Alors que les deux pays occidentaux les plus endettés sont les USA et la Grande-Bretagne, l’attaque sur la Grèce puis d’autres pays de la zone euro (Portugal, Irlande, Espagne, Italie, puis même la France et l’Allemagne) a permis par contrecoup aux USA et à la Grande-Bretagne de continuer à faire financer leur dette plus aisément sur les marchés internationaux, a dit Myret Zaki. Elle précise (décembre 2011) qu’alors que, par exemple, la situation de la dette italienne est bien meilleure que celle des États-Unis (déficit budgétaire moitié moindre), ces derniers parviennent à se faire financer leur dette à 2 % alors que l’Italie ne parvient à faire financer la sienne qu’à un taux de 7 %. Ceci parce que les investisseurs qui ne sont pas aux manettes de la haute finance internationale se font mener par le bout du nez en suivant les manipulations de masse (de l’inquiétude à la panique) orchestrées par les grands médias aux mains de l’oligarchie financière (tels que le Financial Times).
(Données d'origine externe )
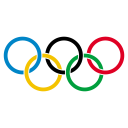 olympics Slack emoji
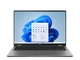 Ноутбук ASUS Vivobook 16 Flip TP3607SA Ultra 5-226V/16GB/512/Win11 OLED (TP3607SA-RJ006W) - зображення 1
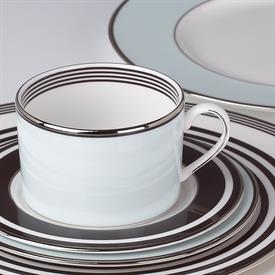 Picture for category Parker Place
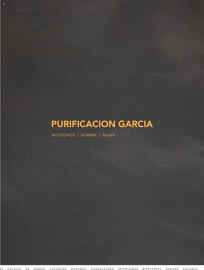 Catálogo Palacio de Hierro Página 8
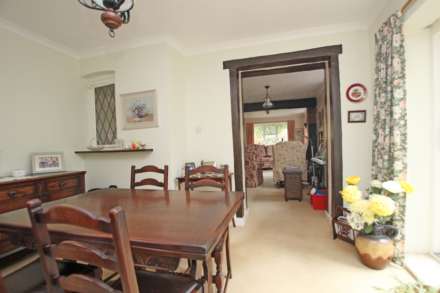 Church Steet, Eastbourne, BN22 0HX, Image 3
La crise de 2008 ce sont les spéculateurs de l’oligarchie financière qui, par des opérations purement financières, siphonnent – moyennant les plans d’austérité - la monnaie représentant la contrepartie de l’activité de populations entières pour la transférer dans leurs poches.

 

(*) Étienne Chouard est un enseignant, professeur d’économie-gestion, de droit fiscal et d’informatique en lycée et BTS. Il s’est fait connaître en 2005 comme défenseur du « non » au référendum sur la constitution européenne, après avoir montré du doigt et dénoncé l’article 104 du traité de Maastricht de 1992 (voir dans le texte).